▸ **Work required**
Copy the entries that appear below in full, leaving out any picture among them.

★ ★ ★ ★ ★

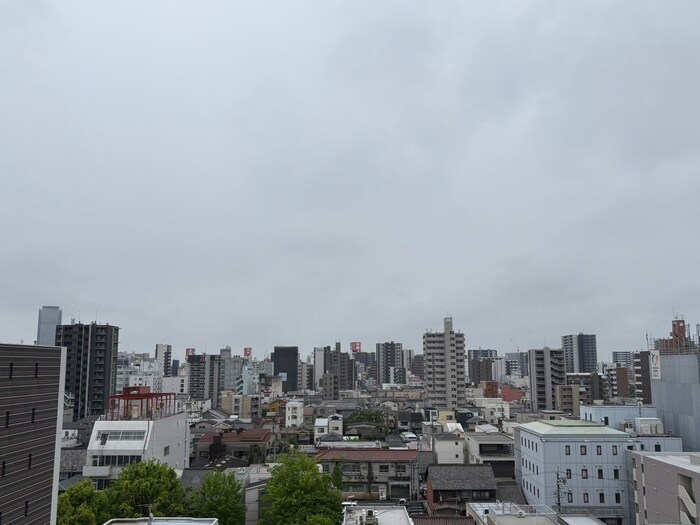 物件内観写真16　(室内からの展望)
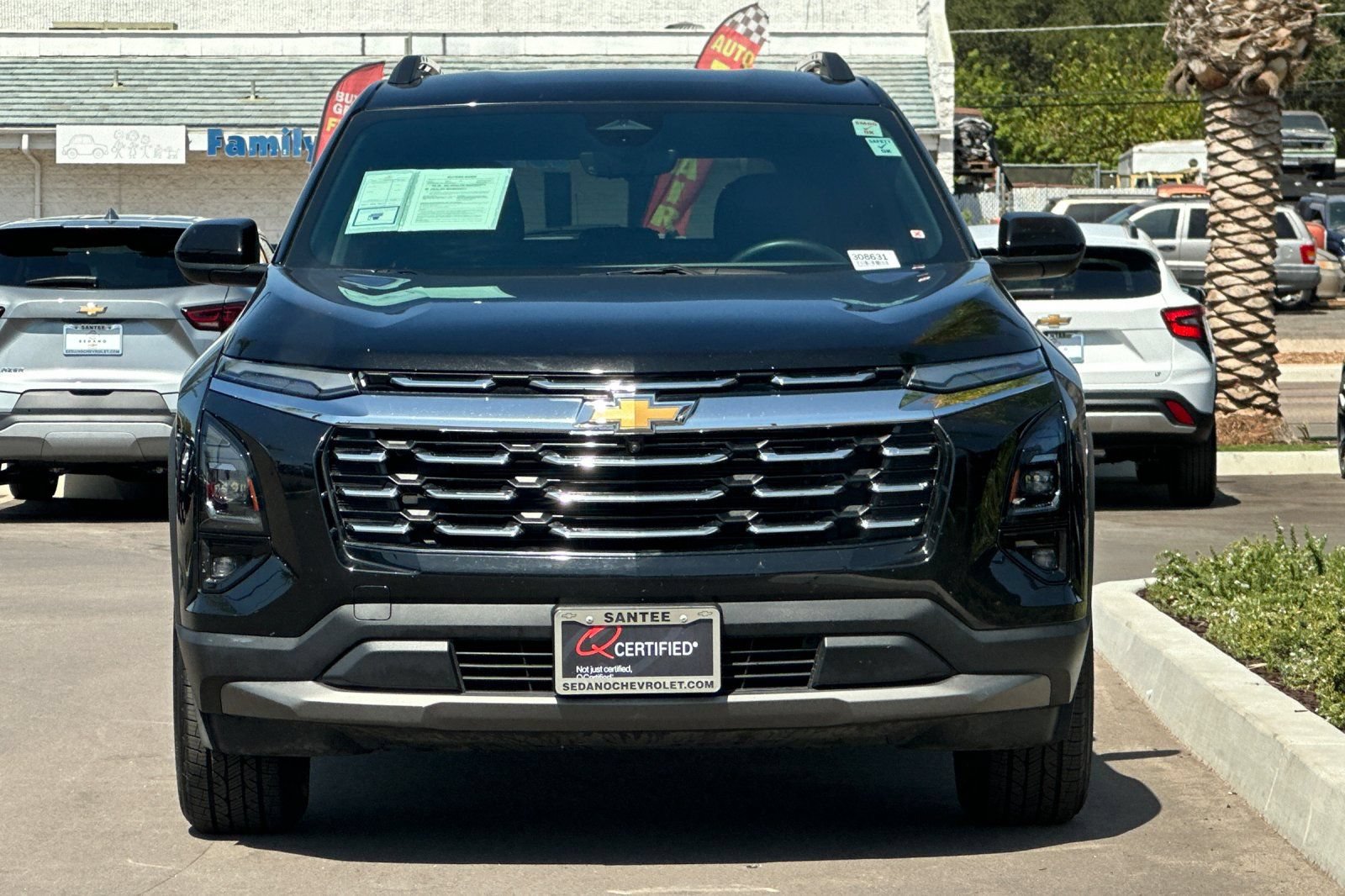 Used 2025 Chevrolet Equinox LT w/ Convenience Package II AWD/4WD image 9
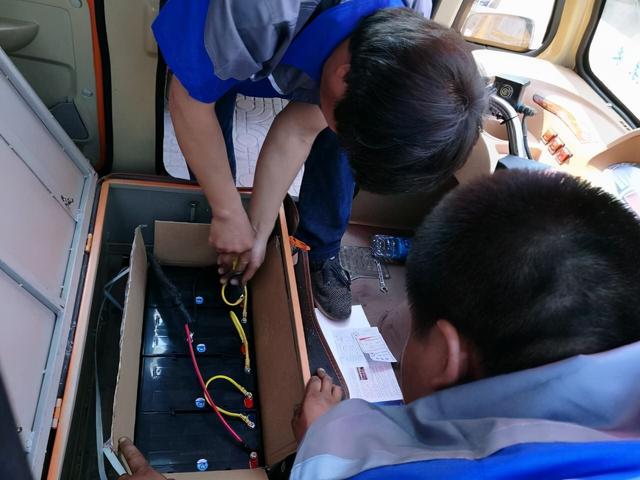 电池修复液怎么使用，电池怎么加修复液（电瓶修复—修复铅酸电池的方法在这里）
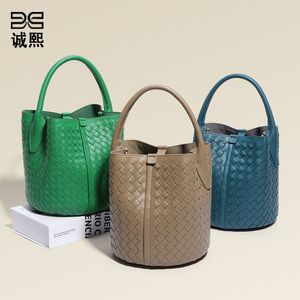 Neue handgewebte Beutel des Herstellers trendy und vielseitige, feste Farbmutter-Perlmutter-Eimer-Bag-Bag Damen-Freischulter-Crossbody-Tasche von Frauen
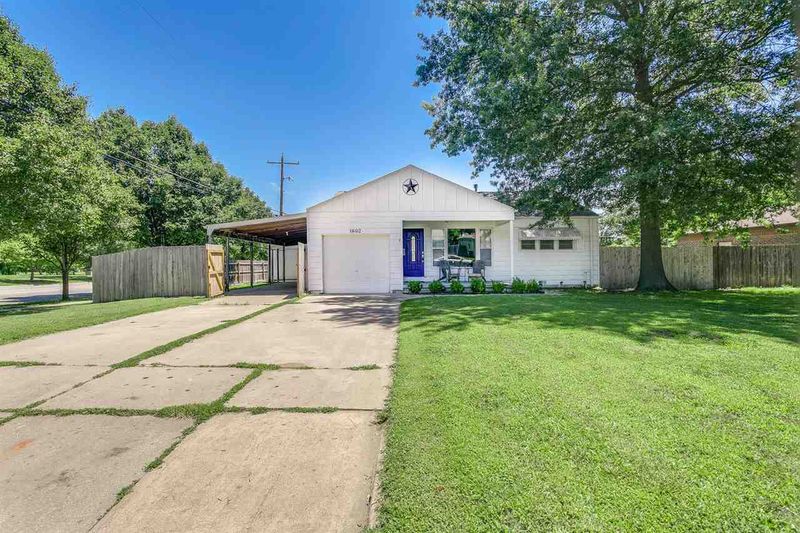 1602 S Drollinger St, Wichita, KS 67218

★ ★ ★ ★ ★

▸ **Answer for the task**
 物件内観写真16　(室内からの展望)
 Used 2025 Chevrolet Equinox LT w/ Convenience Package II AWD/4WD image 9
 电池修复液怎么使用，电池怎么加修复液（电瓶修复—修复铅酸电池的方法在这里）
 Neue handgewebte Beutel des Herstellers trendy und vielseitige, feste Farbmutter-Perlmutter-Eimer-Bag-Bag Damen-Freischulter-Crossbody-Tasche von Frauen
 1602 S Drollinger St, Wichita, KS 67218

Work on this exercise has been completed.